### What needs to be done
Return the following lines and nothing else: the one holding "Letniskowe W Kopalinie" and all those after it in the records below, unchanged, minus any pictures.

### Records shown
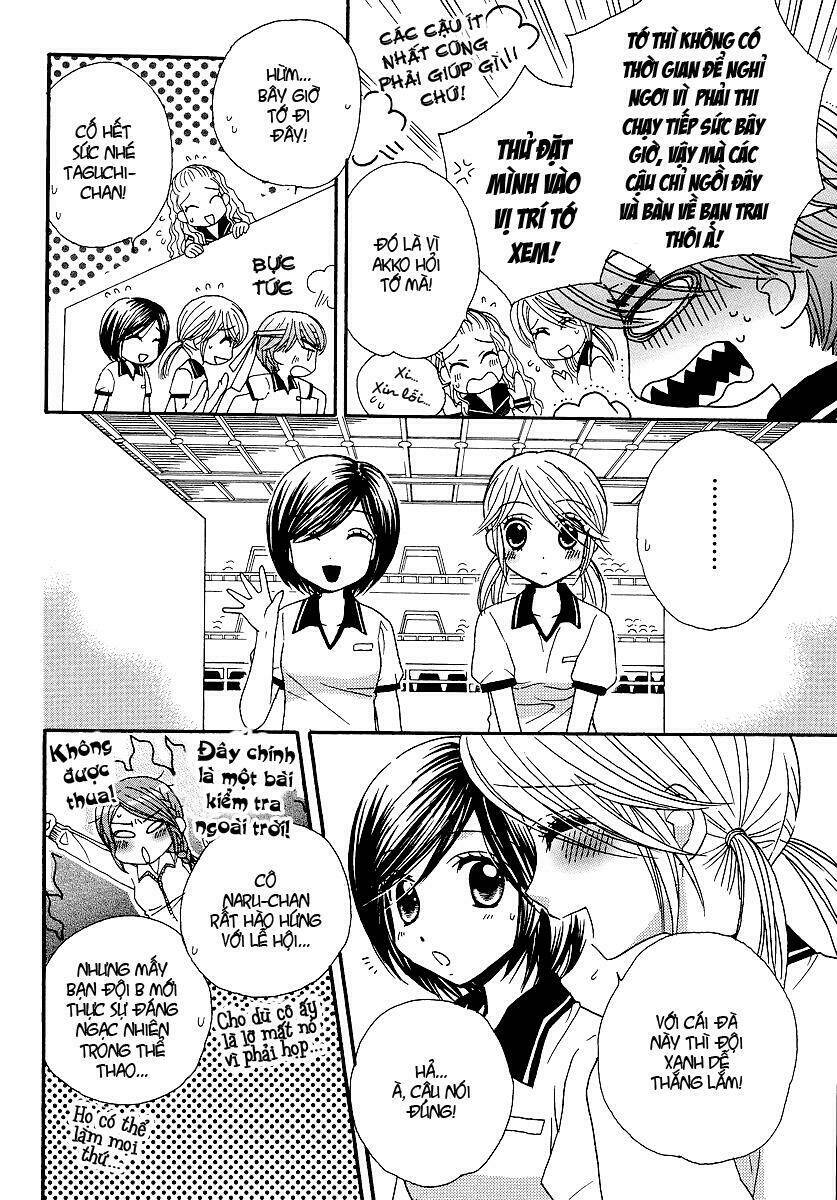 Girl Friends Chapter 23 - Trang 2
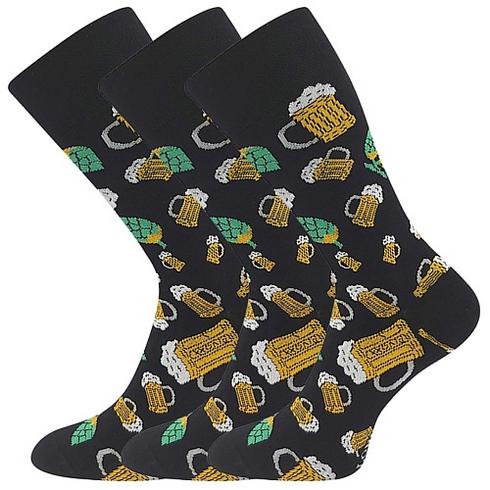 Ponožky pivo - pánské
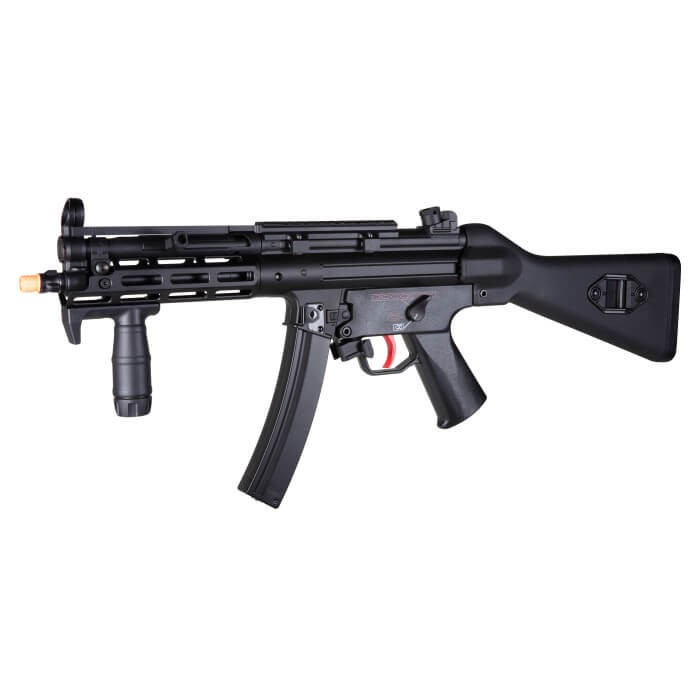 ELITE FORCE HK MP5 A4 LIMITED EDITION AEG AIRSOFT SMG BLACK MiR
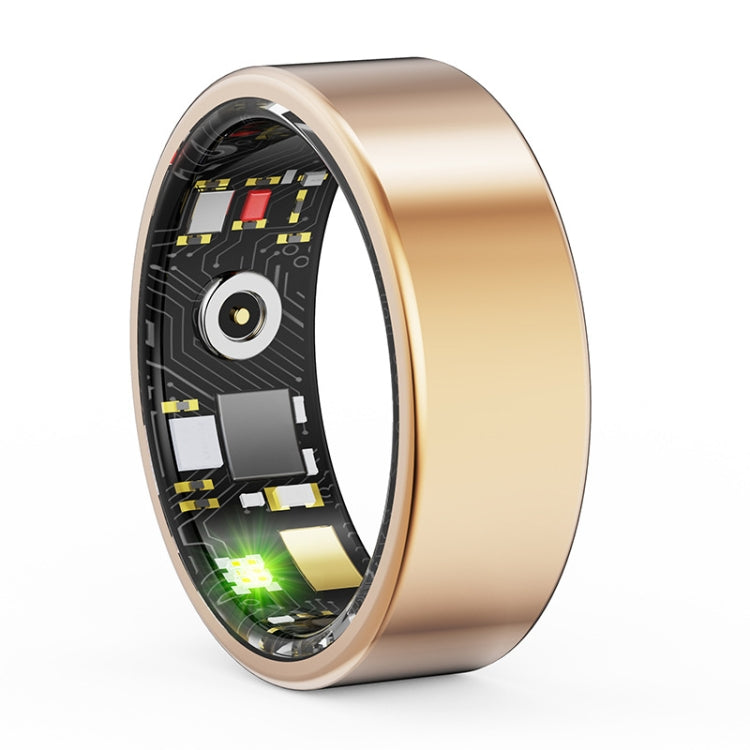 R11M SIZE 12 Smart Ring, Support Heart Rate / Blood Oxygen / Sleep / Multiple Sports Modes(Gold) - Smart Rings / Smart Telephones by PMC Jewellery | Online Shopping South Africa | PMC Jewellery | Buy Now Pay Later Mobicred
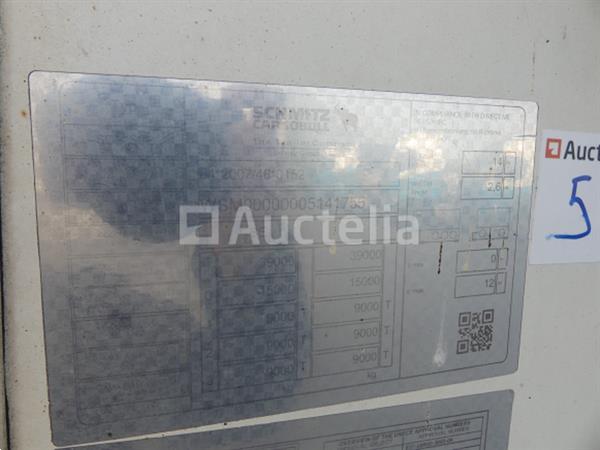 Grote foto schmitz cargobull koeloplegger 2015 vin wsm0000005141755 doe het zelf en verbouw opleggers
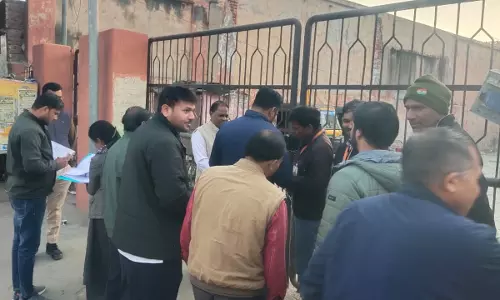 Jaipur: यूडी टैक्स बकाएदारों के खिलाफ निगम की बड़ी कार्रवाई Jaipur: यूडी टैक्स बकाएदारों के खिलाफ निगम की बड़ी कार्रवाई
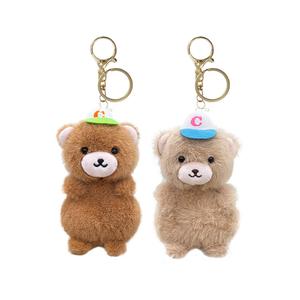 Плюшевый кулон Baseball Bear высотой 13 см BEAR FORT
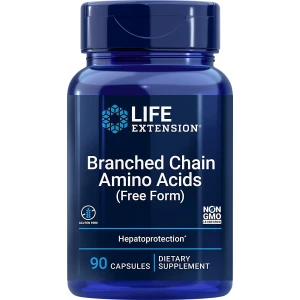 LIFE EXTENSION Aminosyror med förgrenade kedjor (90 kapslar) – Viking Supplements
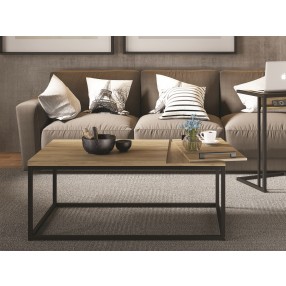 Casabianca NOA Coffee Table In Oak - Lifestyle Front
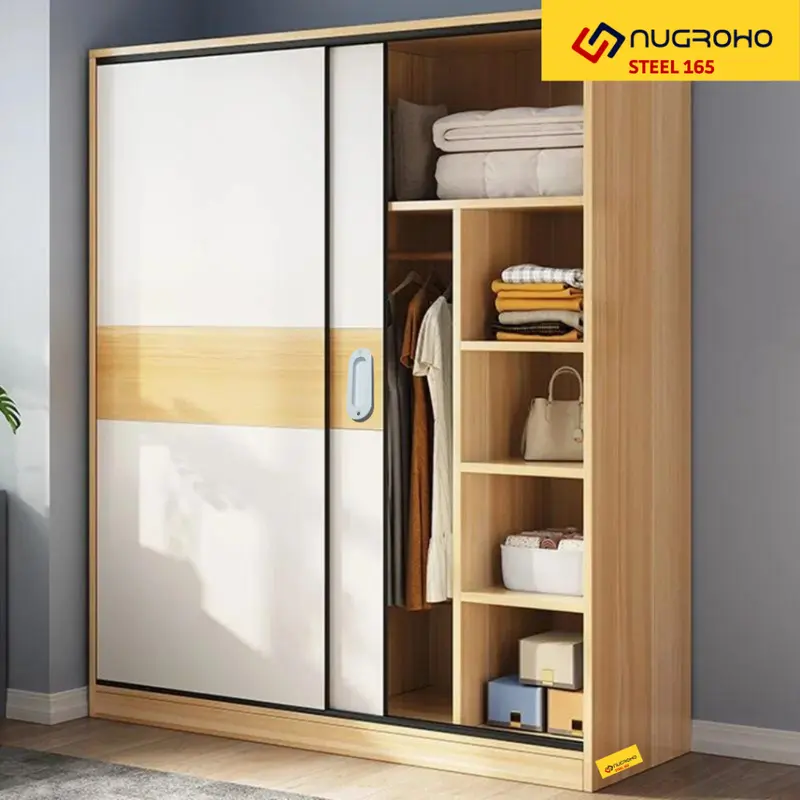 HANDLE TARIKAN PEGANGAN GAGANG PINTU SLIDING SLEDING GESER TANAM LEMARI LACI MINIMALIS 5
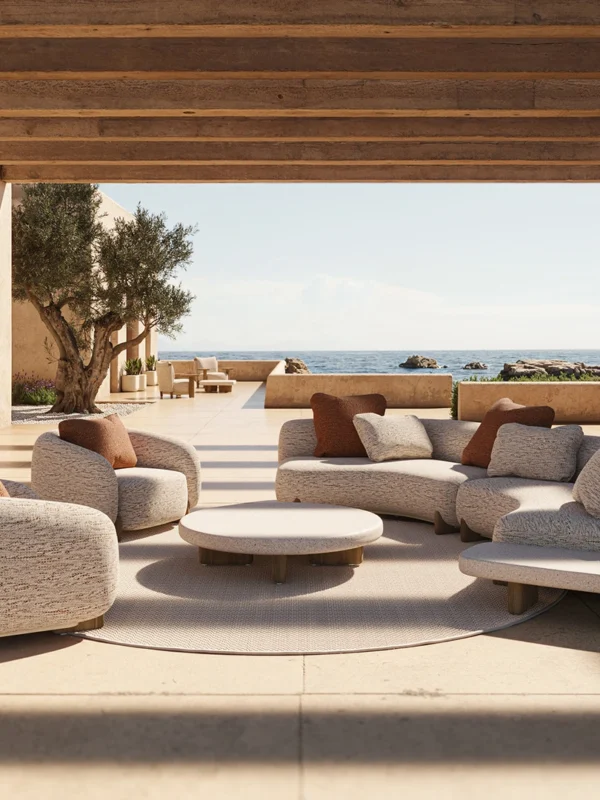 Καναπές Modular Εξωτερικού Χώρου Milos Vondom”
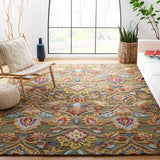 safavieh clearance blossom blm402b green rug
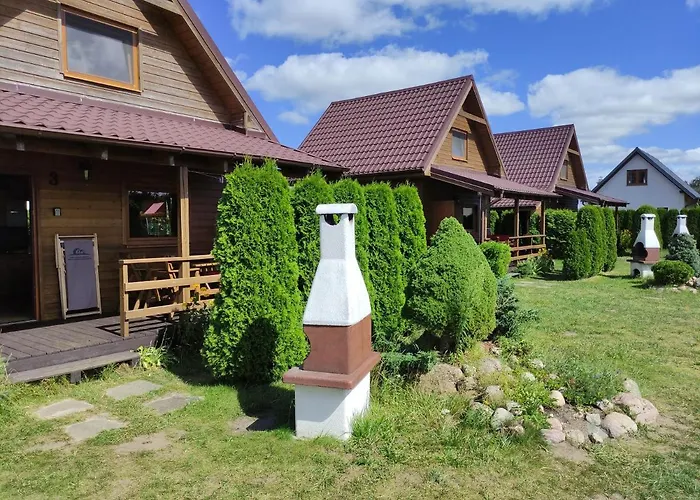 Letniskowe W Kopalinie Hébergement de vacances *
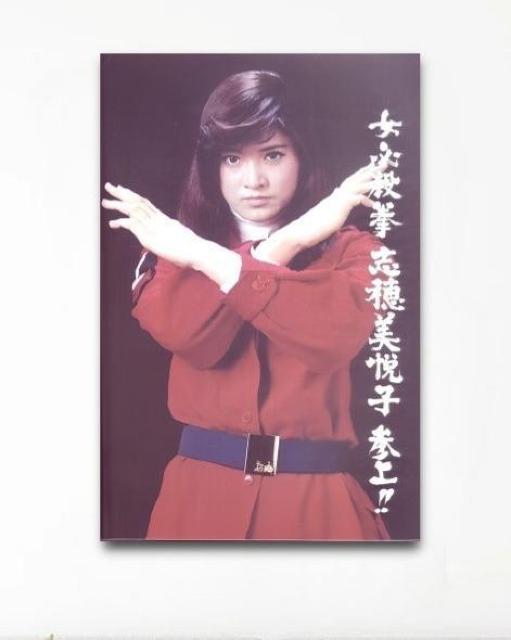 新品タペストリー☆女必殺拳.志穂美悦子.参上!☆ < インテリア/ライフ 新品タペストリー☆女必殺拳.志穂美悦子.参上!☆ < インテリア/ライフの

### Answer
 Letniskowe W Kopalinie Hébergement de vacances *
 新品タペストリー☆女必殺拳.志穂美悦子.参上!☆ < インテリア/ライフ 新品タペストリー☆女必殺拳.志穂美悦子.参上!☆ < インテリア/ライフの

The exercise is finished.